# Prove that the following series converges for any fixed value

1. Jul 5, 2009

### JG89

1. The problem statement, all variables and given/known data

Prove that the following series converges for any fixed value of x: $$\sum_{n=2}^{\infty} \frac{ sin(nx) (-1)^n}{ln(n)}$$

2. Relevant equations

3. The attempt at a solution

I've tried using Leibniz's test and Abel's test. I had no luck. I've rewriting the summation using
"summation by parts" but I've had no luck doing that either. I haven't learned any convergence tests like the ratio test, root test, integral test, etc, so I assume I have to answer this question without knowledge of those tests.

Any suggestions?

2. Jul 5, 2009

### snipez90

Re: Jg89

Have you heard of Dirichlet's test? By the way, are you still reading through Courant?

3. Jul 5, 2009

### JG89

Re: Jg89

Never heard of Dirichlet's test. Later on I will return to studying Courant (that answers your question), so I will look it up then.

4. Jul 5, 2009

### Bohrok

Re: Jg89

What about the (direct) comparison test?

5. Jul 6, 2009

### JG89

Re: Jg89

I took a look at the Abel-Dedekind-Dirichlet Theorem.

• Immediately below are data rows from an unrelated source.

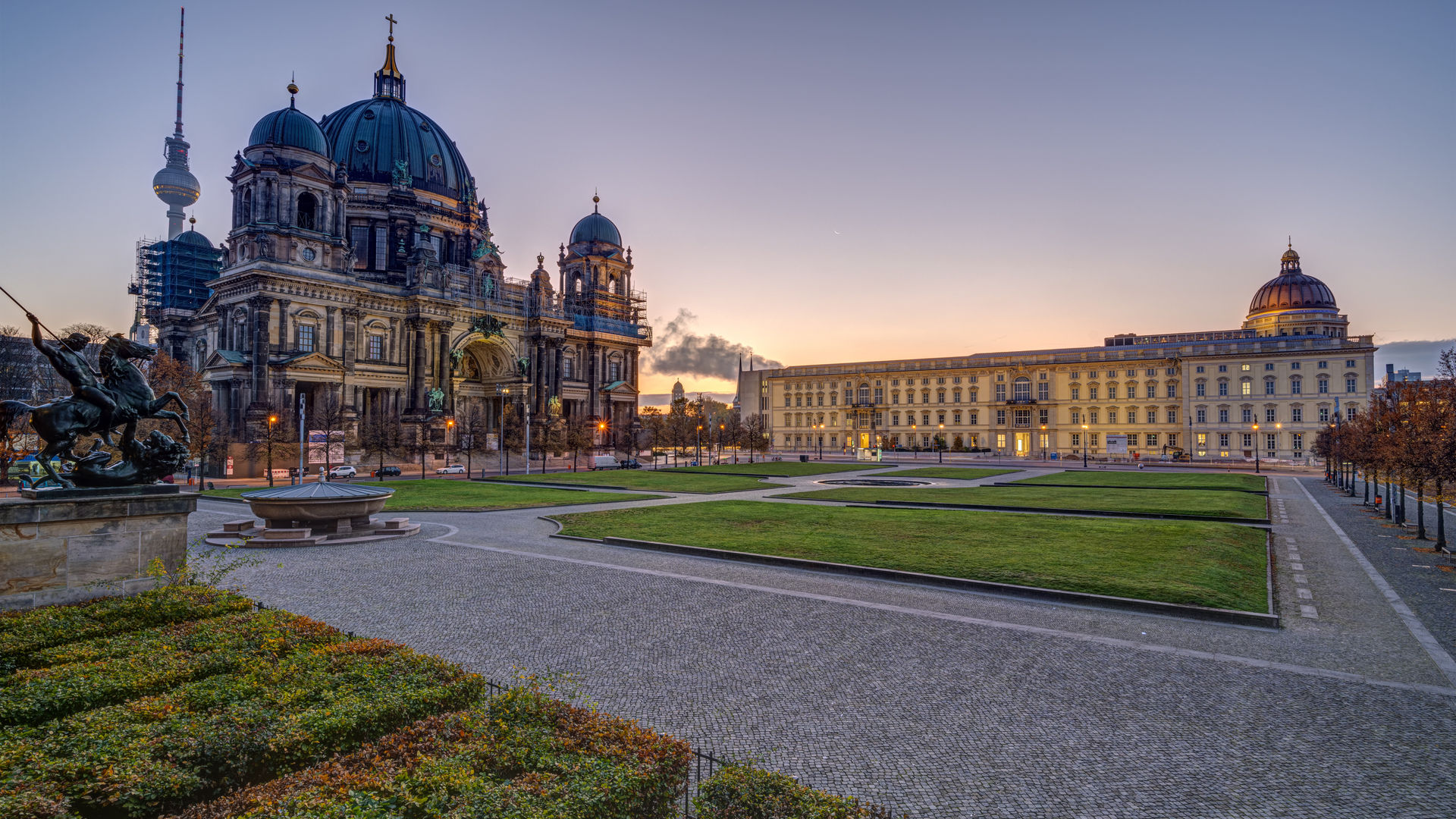 Berlin Cathedral and Lustgarten 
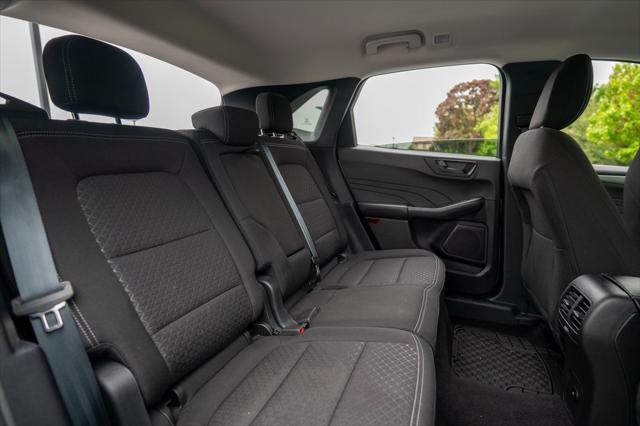 used 2024 Ford Escape car, priced at $25,900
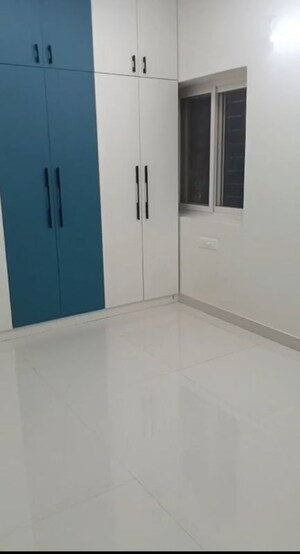 Room in 3 BHK Apartment at Goldstone Jewel Park, Puppalaguda – for Rent
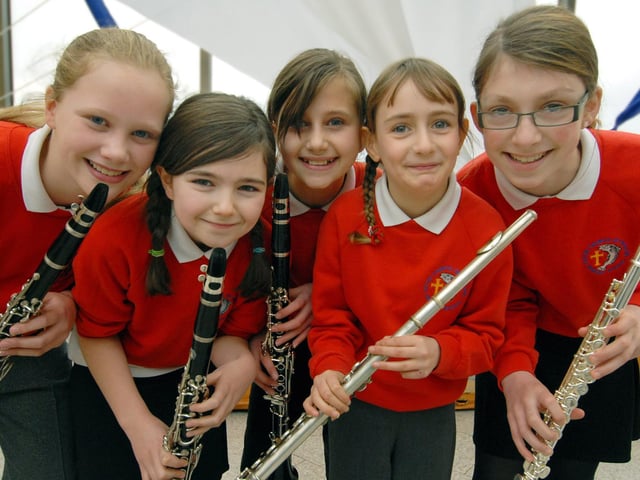Egton School clarinet and flute players perform at Eskdale Festival.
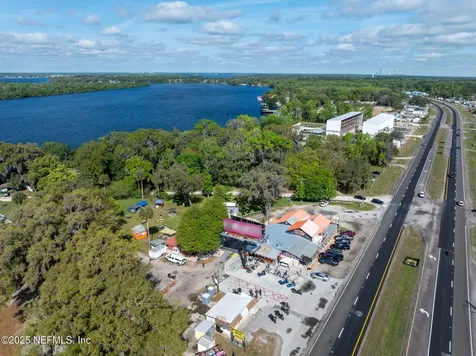 337 S Highway 17 East Palatka FL 32131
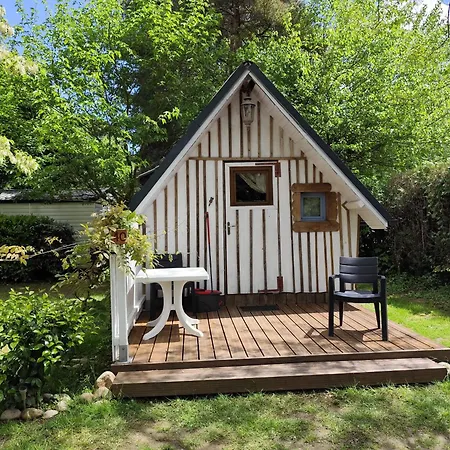 Campingplatz De La Vallee Du Doux *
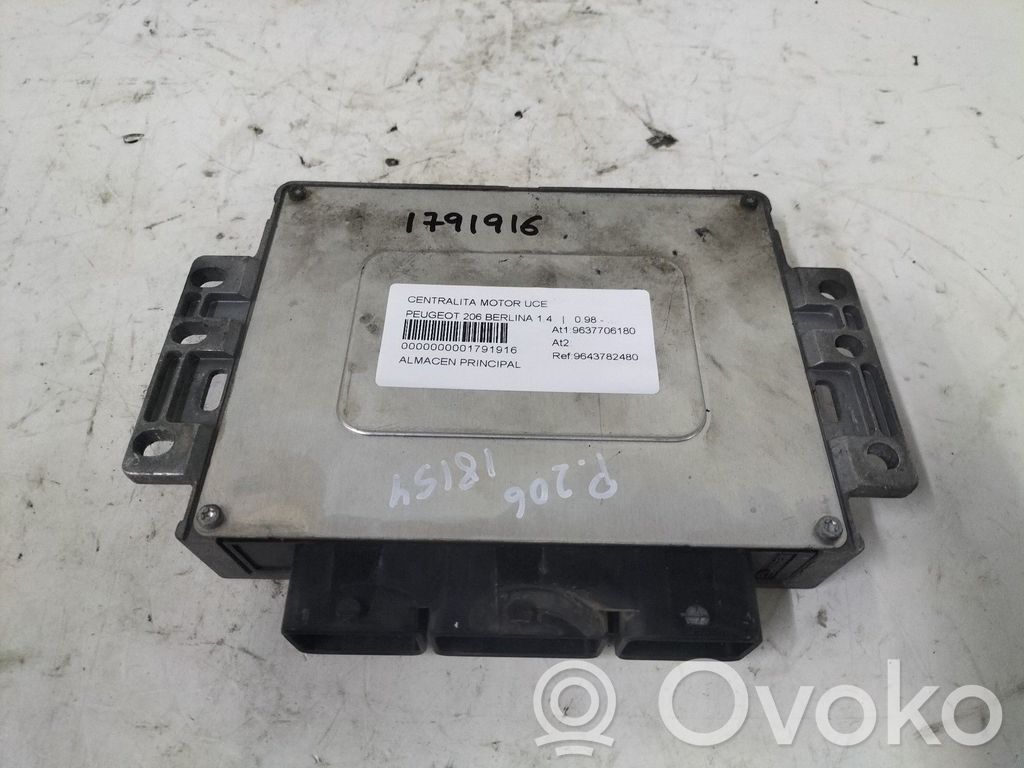Peugeot 206 Engine control unit/module 
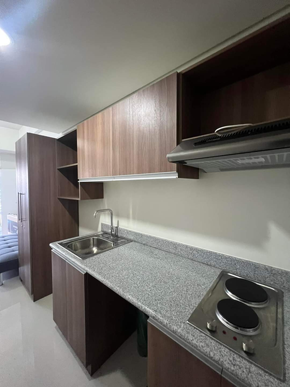 Dormy 48 - 3 Torre Lorenzo Condominium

It says that if the sum of a_n from n = 1 to infinity converges and the sequence b_n is of bounded variation, then the series of (a_n)(b_n) from n = 1 to infinity converges.

I will take the series from n = 1 to infinity of a_n = (-1)^n/ln(n), which converges by the alternating series test.

I now have to show that sin(nx) is of bounded variation. I suppose I will have to rewrite sin(nx) = sin((n-1)x + x) and then use the formula sin(a + b) = sin(a)cos(b) + cos(a)sin(b).

I will get cracking on that tomorrow.

6. Jul 6, 2009

### snipez90

Re: Jg89

You can also estimate sin(nx) using the identity sin(mx)sin(nx) = (1/2)[cos(m-n)x - cos(m+n)x] (easy proof). Also, I don't think it's too hard to prove that a function with a continuous derivative is of bounded variation.

Anyways, I don't know if this test is in Courant. I've mainly been reading the earlier stuff on convergence (i.e. first appendix), and that was why I asked about Courant.